Rihards Jakovels
Born: June 19, 1988
Born in Riga. Graduated from Riga Secondary School No. 64 (2007) and the Latvian Academy of Culture as a dramatic theatre actor (2011). During his studies, he expanded his education in masterclasses led by Davide Giovanzana (Italy/Finland), Ryszard Olesiński (Poland), and Wojciech Kościelniak (Poland). Since 2011, he has been an actor at the Valmiera Drama Theatre.
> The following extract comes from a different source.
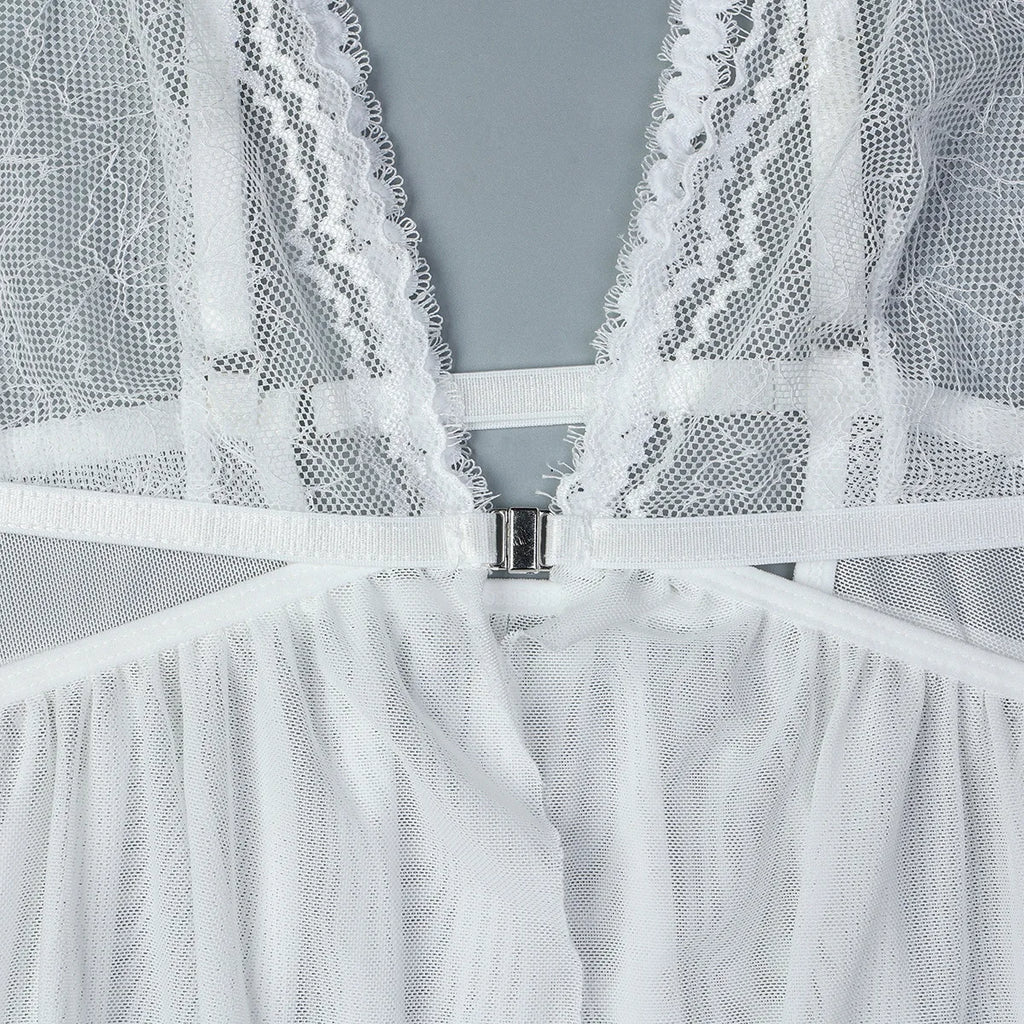 Sexy Lingerie For Woman Transparent Porno Sexual Clothing  Dress Erotic Underwear Nightdress With Thong Sleepwear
Rihards entered the theatre with a disarming brightness and enthusiasm. Need it done? Let’s do it! He is ready to participate in the craziest projects and experiments, speeding on his motorcycle just to be wherever he is needed. Rihards managed to take part in Oļģerts Kroders’ final production, and he possessed enough healthy self-irony to realize that theatre is often the art of compromise, and that a role can sometimes be an advance payment. He did what he could, accepting criticism with a cool head and… understanding. Having played many touching and kind-hearted characters, Rihards truly shook audiences with his monologue performance Bask@bols.lv—displaying an immense amount of personal maturity, genuine patriotism, and the ability to feel another’s pain as his own.
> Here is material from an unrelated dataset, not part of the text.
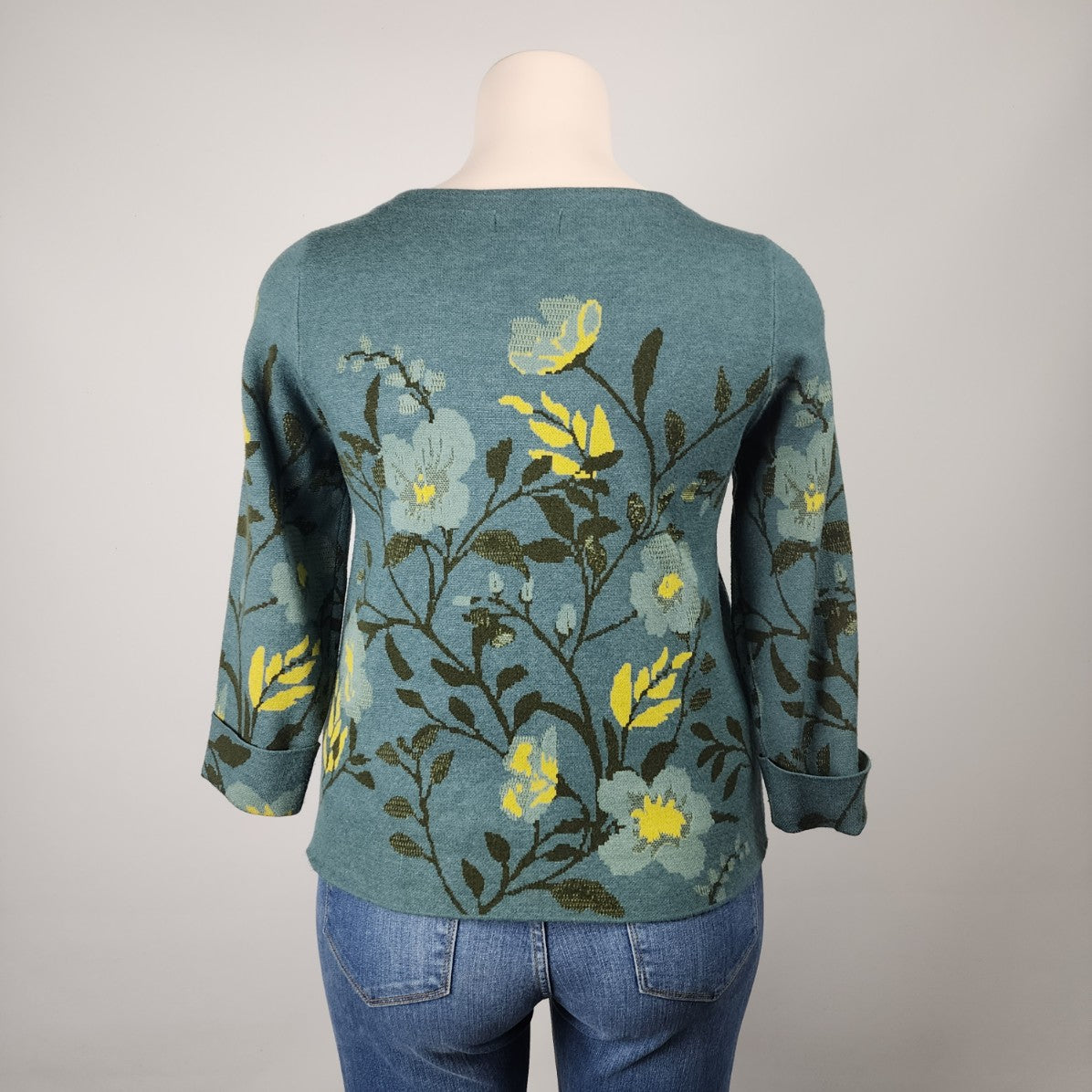 Cynthia Rowley Green & Yellow Floral Knit Sweater Size XL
His class master Edmunds Freibergs once wrote:
“The fact that you, Rihard, accepted the invitation from the Valmiera Theatre was definitely not a mistake. In this theatre (and I know this from personal experience), a young actor is given the greatest opportunities to work and develop their talent. I am glad that you have also staged a monologue performance about a topic close to your heart—sports. As we know, holding the audience’s attention all by yourself is a major test, even for the professionalism of experienced masters. You have passed it!”
Rihards Jakovels is one of those ideal actor-patriots of the Valmiera Theatre, clearly proving that purposeful work in an environment of trust and creative growth bears fruit. Rihards has grown up on the Valmiera Theatre stage. It can be said that through his roles, he has experienced a true initiation—evolving from a somewhat cowardly, egocentric, and sluggish youth as Krustiņš in The Prodigal Son (Pazudušais dēls) to Joseph’s ultimate antithesis: the eldest brother Judah, who is full of logic, his own sense of justice, and hardened masculinity.
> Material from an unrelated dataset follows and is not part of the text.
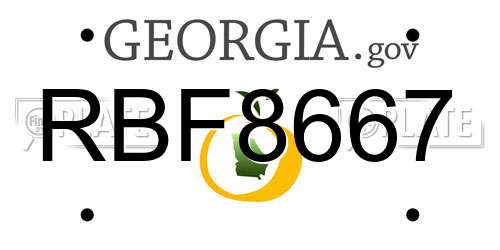 RBF8667 Georgia License Plate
In between many other roles, a major milestone was his collaboration with director Varis Brasla in the production of A Farewell to Arms (Ardievas ieročiem). There, Rihards Jakovels’ Frederic Henry experiences his first love so beautifully in his warm, almost boyish masculinity. He infused Hemingway’s harsh world, shaped by war, with an abundance of tenderness, honor, and humanity, being forced to grow up in a matter of a few tragic seconds.
“Youth drives me forward, and I haven’t learned to slow down yet. But I am learning it—to slow down, stop, and assess the situation so that in the future, I can move forward with even broader strides,” Rihards Jakovels said in a 2018 interview with nra.lv (18.10.2018).
An indicator of the actor’s character is the fact that he gave his first award to his parents, left the second one in the dressing room so his colleagues could see that “we all achieved this together,” and as for the third, fourth, and fifth—that remains to be seen.
“Rihards Jakovels’ Krustiņš in the Valmiera Drama Theatre’s 2017 production is a modern young man who tries but fails to find his place in a world governed by so many strange and questionable rules created by others.” (Jānis Siliņš. Teātra Vēstnesis. No. 1, 2018).
“Rihards Jakovels’ Henry is exactly the kind of man they write about in novels (and not just Hemingway)—masculine, attractive, weathered by life’s winds, warm, safe, and reliable.” (Līga Ulberte. KDi, 07.03.2020).